La reacción de Gerard expresa no sólo la insensatez de muchos jugadores, sino también la manera en que se han apoderado del vestuario. Ni cambiando al presidente ni, por supuesto, al técnico se dan por enterados, sino que algunos parecen aspirar al dolce far niente. Le toca, pues, al entrenador volver a marcar el campo y recuperar las leyes naturales del juego: al partido se llegará comido, bebido y servido. Así que de ahora en adelante habrá que estar por la labor más que por la familia.

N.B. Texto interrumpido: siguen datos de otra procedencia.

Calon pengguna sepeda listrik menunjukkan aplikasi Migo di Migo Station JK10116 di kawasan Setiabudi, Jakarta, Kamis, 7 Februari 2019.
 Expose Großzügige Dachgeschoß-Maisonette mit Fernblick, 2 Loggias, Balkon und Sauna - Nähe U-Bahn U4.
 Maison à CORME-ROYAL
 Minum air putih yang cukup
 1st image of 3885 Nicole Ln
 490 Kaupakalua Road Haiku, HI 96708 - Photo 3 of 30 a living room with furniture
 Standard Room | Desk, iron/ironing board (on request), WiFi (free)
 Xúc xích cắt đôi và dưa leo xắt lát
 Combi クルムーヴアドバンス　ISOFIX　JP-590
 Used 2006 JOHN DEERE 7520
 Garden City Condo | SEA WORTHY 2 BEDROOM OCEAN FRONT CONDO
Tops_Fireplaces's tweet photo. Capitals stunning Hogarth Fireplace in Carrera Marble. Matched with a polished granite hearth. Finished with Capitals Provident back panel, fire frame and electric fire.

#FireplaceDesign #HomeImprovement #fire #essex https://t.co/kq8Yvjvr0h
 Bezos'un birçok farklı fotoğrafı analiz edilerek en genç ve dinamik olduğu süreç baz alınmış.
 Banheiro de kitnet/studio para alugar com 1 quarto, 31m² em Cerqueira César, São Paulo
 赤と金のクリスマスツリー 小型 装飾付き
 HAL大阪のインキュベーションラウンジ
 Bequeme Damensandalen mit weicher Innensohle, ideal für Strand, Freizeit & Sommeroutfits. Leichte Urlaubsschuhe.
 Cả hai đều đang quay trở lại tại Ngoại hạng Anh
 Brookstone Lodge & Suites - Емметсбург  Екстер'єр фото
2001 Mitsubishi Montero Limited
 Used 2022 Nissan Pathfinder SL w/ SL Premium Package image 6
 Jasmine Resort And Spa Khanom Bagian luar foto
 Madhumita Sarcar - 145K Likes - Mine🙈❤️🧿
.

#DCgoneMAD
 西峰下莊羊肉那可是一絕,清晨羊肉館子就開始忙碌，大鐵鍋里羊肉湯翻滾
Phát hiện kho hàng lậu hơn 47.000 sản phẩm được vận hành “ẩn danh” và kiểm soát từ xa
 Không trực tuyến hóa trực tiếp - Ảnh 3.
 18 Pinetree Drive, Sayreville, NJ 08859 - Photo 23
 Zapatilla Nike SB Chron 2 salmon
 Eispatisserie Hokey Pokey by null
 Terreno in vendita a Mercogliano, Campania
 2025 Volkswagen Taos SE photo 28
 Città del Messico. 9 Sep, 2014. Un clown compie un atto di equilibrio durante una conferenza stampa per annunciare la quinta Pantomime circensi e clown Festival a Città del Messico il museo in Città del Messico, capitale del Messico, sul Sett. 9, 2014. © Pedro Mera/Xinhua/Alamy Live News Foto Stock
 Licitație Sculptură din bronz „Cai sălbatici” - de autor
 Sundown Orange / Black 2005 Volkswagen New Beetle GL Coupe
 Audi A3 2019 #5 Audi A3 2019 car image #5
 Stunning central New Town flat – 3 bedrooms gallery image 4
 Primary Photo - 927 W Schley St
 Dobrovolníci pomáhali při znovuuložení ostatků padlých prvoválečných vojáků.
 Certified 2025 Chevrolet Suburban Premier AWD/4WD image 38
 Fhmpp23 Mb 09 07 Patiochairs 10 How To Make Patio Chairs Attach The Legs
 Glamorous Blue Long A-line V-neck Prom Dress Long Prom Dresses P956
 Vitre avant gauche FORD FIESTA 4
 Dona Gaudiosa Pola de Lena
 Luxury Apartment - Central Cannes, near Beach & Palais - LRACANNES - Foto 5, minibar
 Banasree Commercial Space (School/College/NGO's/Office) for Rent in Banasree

A buen seguro que con su gesto Rijkaard se habrá ganado a mucha gente. Acertado como jefe de personal, se equivocó, sin embargo, como entrenador: sustituir a Gerard por Luis Enrique en el doble pivote es una decisión difícilmente entendible futbolísticamente y que redunda en las dudas que despierta Rijkaard, tan implacable combatiendo malas costumbres del vestuario como condescendiente con la rutina del campo.
Aun cuando exige un cambio de mentalidad, el entrenador no sólo acaba por poner a los de siempre, sino que vuelve donde todos. A saber: se alquila un lateral izquierdo (Coco, Sorín o Van Bronckhorst) y, en la medida de lo posible, con tridente o sin él, se acomoda al media punta (Rivaldo, Riquelme y Ronaldinho). El paso siguiente entre la hinchada consiste en escupir sobre Kluivert, renegar de Xavi, maldecir al portero y pedir el finiquito para la defensa por no saber defender la última pelota del partido. Más tarde se discute sobre la conveniencia de resguardarse con Puyol como cierre y, al final, se pregunta quién es el guapo que ha fichado a siete jugadores si sólo juegan dos.
Rijkaard acaba de empezar y hay que darle cuerda. Es negociado del entrenador, sin embargo, arreglar el equipo, que exige un giro en la línea del club si no quiere ser víctima de los defectos de costumbre. Quizá porque los jugadores son los mismos, los vicios también se repiten y este Barça juega igual de mal que el del curso pasado. No por cambiar futbolistas viejos por nuevos las cosas se arreglan solas. Pero a Rijkaard le compete demostrar cuanto menos que el problema del Barça no es de concepto de juego, aunque decisiones como la que tomó el miércoles ante el Puchov abonen la confusión.